The Vietnamese-Czech feature Summer School, 2001 has secured U.S. distribution, marking a significant international step for one of the most prominent recent films to emerge from the Czech independent sector. Los Angeles-based distributor Reel Citrus has acquired U.S. theatrical rights to the film, directed by Dužan Duong, following its festival run and domestic release in the Czech Republic.
The deal was announced during the Sundance Film Festival, where Reel Citrus is presenting its upcoming slate. A U.S. theatrical release is planned for summer 2026, following the film’s Vietnam premiere. The acquisition comes after a strong reception on the festival circuit, including its world premiere at the Karlovy Vary International Film Festival and a best film award at Viet Film Fest 2025.
For Czech cinema, and particularly for films exploring the country’s Vietnamese community, the agreement represents a rare opportunity for sustained exposure in the U.S. theatrical market, where Central European productions typically struggle to secure wide releases.
A festival journey rooted in Czech-Vietnamese experience
Set in the summer of 2001, Summer School, 2001 follows Kien, a red-haired Vietnamese teenager who returns to the Czech border town of Cheb after spending a decade in Vietnam. Reuniting with his family, who operate a stall at the now-defunct Dragoun Market, Kien must navigate a tense household dynamic shaped by cultural dislocation, generational conflict, and the economic uncertainty facing immigrant vendors at the time.
The film is told through the shifting perspectives of three family members: Kien, his younger brother Tai, and their father Zung. The Dragoun Market, once a sprawling hub for cross-border trade and later redeveloped into a shopping center, serves as a central backdrop, anchoring the story in a specific and rarely depicted chapter of recent Czech history.
The Prague Reporter described the film as “a heartfelt and quietly groundbreaking portrait of a community rarely seen onscreen,” noting that “a raw authenticity and genuine nostalgia for a very particular time and place bleed through the screen.”
Directed by Duong, who was born in Hanoi and emigrated to Czechia as a child, the film has been positioned by its creators as Czech cinema’s first “Viet-film,” reflecting stories told from within the Vietnamese diaspora rather than from an external perspective.
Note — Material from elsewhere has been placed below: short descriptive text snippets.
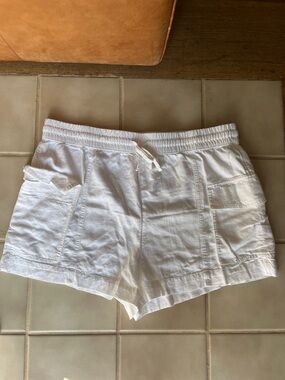 FREE ASSEMBLY Women's White Elastic-Waist Casual Shorts Linen & Rayon Blend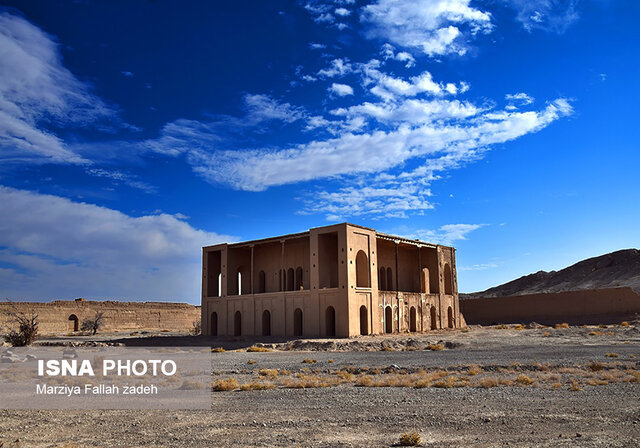 عملیات تجاوز به حریم کوشک عزت آباد ابرکوه متوقف شد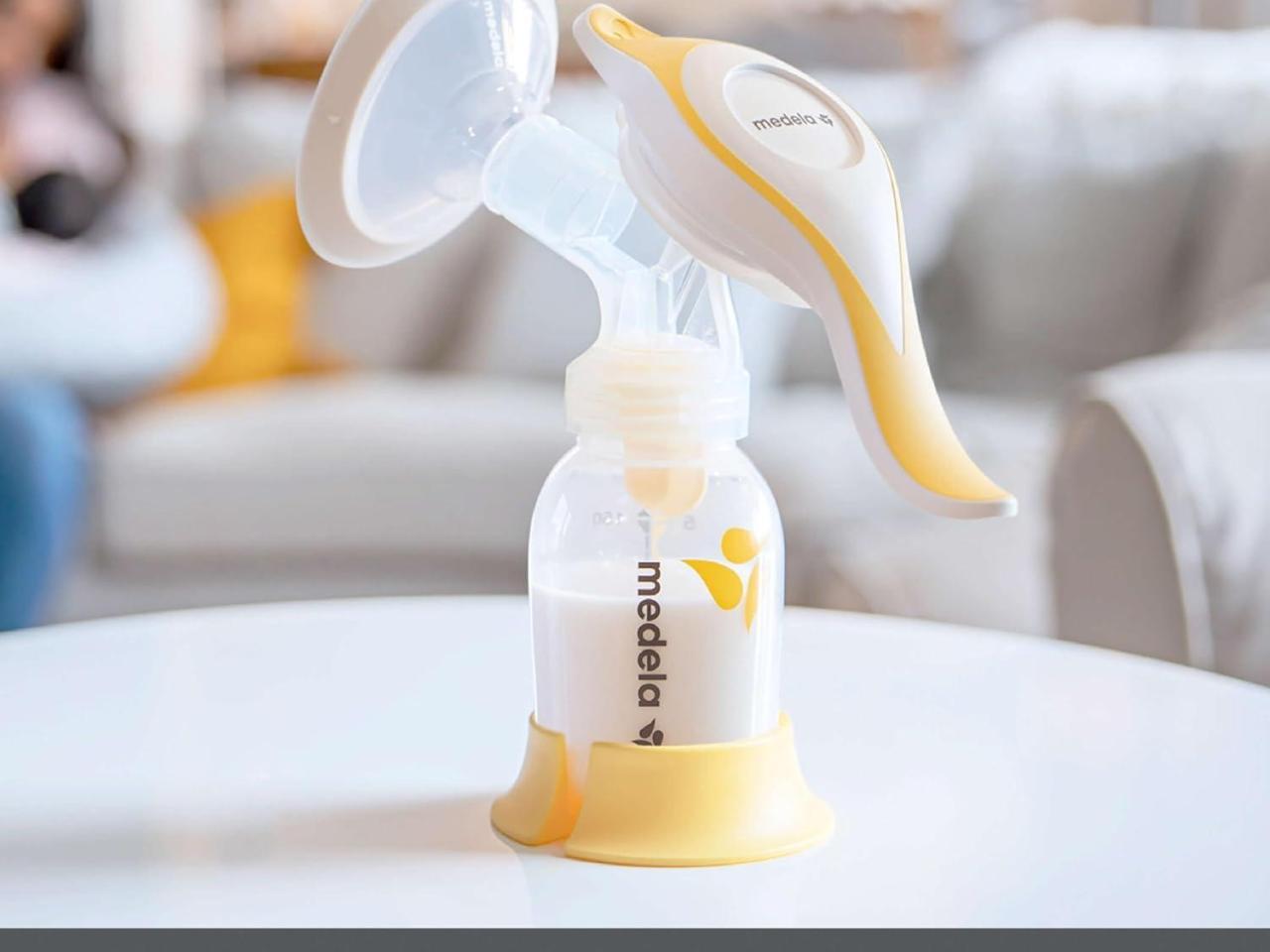 Medela Manual breast pump with Flex Shi...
Previous Czech films have touched on the Vietnamese experience, but rarely with this level of focus or intimacy.
U.S. rollout and growing international interest
Reel Citrus plans a phased theatrical rollout in the United States, initially targeting cities with large Vietnamese and Asian American populations, including Los Angeles, San Francisco, Seattle, Austin, and New York. Additional markets will be added depending on audience response.
The distributor is also partnering with the Czech Embassy and the Czech Film Center on special screenings in Washington, D.C., and New York, positioning the film within a broader cultural diplomacy context. Founded in 2025 by executive director Brittany Tran, Reel Citrus specializes in theatrical-first releases of Asian and diaspora-focused films, with an emphasis on younger and multicultural audiences.
For the Czech industry, the deal underscores the growing international interest in locally produced stories that reflect the country’s increasingly diverse social reality. The Vietnamese community is the third-largest minority group in Czechia and one of the largest Vietnamese diasporas in Europe, yet its experiences have remained largely absent from internationally distributed Czech films.
The film stars The Duong Bui as Kien, with Tien Tai To as his younger brother Tai, a performance that earned To a best actor award at Viet Film Fest 2025. Doan Hoang Anh rounds out the main cast as the family’s father, Zung. Shot by cinematographer Adam Mach, the film adopts a hazy, nostalgic visual style that reinforces its early-2000s setting.
With its U.S. release now secured, Summer School, 2001 is set to reach audiences far beyond Czech borders, extending the conversation around Czech-Vietnamese identity and immigrant life into an international context.